Mi racconta sempre un’amica che, quando la figlia incontrò al ristorante un signore in carrozzina, lei, che aveva poco più di un anno, gli corse incontro e cercò, tutta sorridente, di arrampicarsi sulle sue ruote. Il signore, fra lo stupito e il divertito, si sentiva quasi preoccupato di non fare paura alla bimba e si interrogava sul perché di tanta, per lui inusuale, naturalezza. Non poteva sapere che la bimba era abituata alla mia presenza e che tentava di replicare col malcapitatoun’arrampicata più volte messa in atto su di me! Altro aneddoto sul genere, una volta avevo un appuntamento con una persona che non avevo mai visto per discutere di un intervento a un convegno. L’amica che ci aveva messi in contatto aveva lungamente parlato di me e dei miei articoli a costui, omettendo un piccolo dettaglio: il mio deficit. Dovendoci incontrare in un luogo pubblico e riconoscerci, la mia amica ci aveva reciprocamente descritti (non era ancora l’epoca degli smartphone, per cui avremmo agevolmente potuto scambiarci una foto!) con le rispettive caratteristiche fisiche: alto, basso, castano, con o senza barba e capelli… aveva completamente omesso il fatto che io giro su quattro ruote. Quando ci individuammo, notai che il mio interlocutore, sulle prime, era decisamente perplesso. Poi, la mia amica mi confessò che lui l’aveva chiamata e le aveva chiesto, come mai, di tutte le caratteristiche mie più evidenti, non aveva elencato la più lampante in assoluto. La mia amica, candidamente, ammise di non averci proprio pensato. Ecco, questa è la vera integrazione, non quella propugnata dalle Istituzioni e anche da molte associazioni, che sa spesso di forzatura: si tratta, invece, di un vero e proprio cambio di mentalità nell’approccio con la diversità.
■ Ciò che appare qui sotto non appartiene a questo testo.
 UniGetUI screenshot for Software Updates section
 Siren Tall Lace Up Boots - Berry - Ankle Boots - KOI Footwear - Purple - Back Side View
Quando questa sarà davvero percepita solo come una caratteristica fisica e nulla più, allora avremo la vera svolta. Troppo spesso, ancora oggi, i genitori si sentono quasi obbligati a tenere nascosti i propri figli con handicap, quasi fosse una vergogna e, addirittura, una colpa. Troppo spesso queste madri sono state fatte sentire in difetto persino da qualche medico, come se l’handicap del figlio fosse conseguenza di una qualche azione o, peggio, di gravi peccati commessi dai genitori. Solo l’abitudine alla diversità potrà modificare questo modo di pensare. Fino ad allora, ci saranno tanti “Charlie” convinti di poter far ridere con… un cromosoma in più.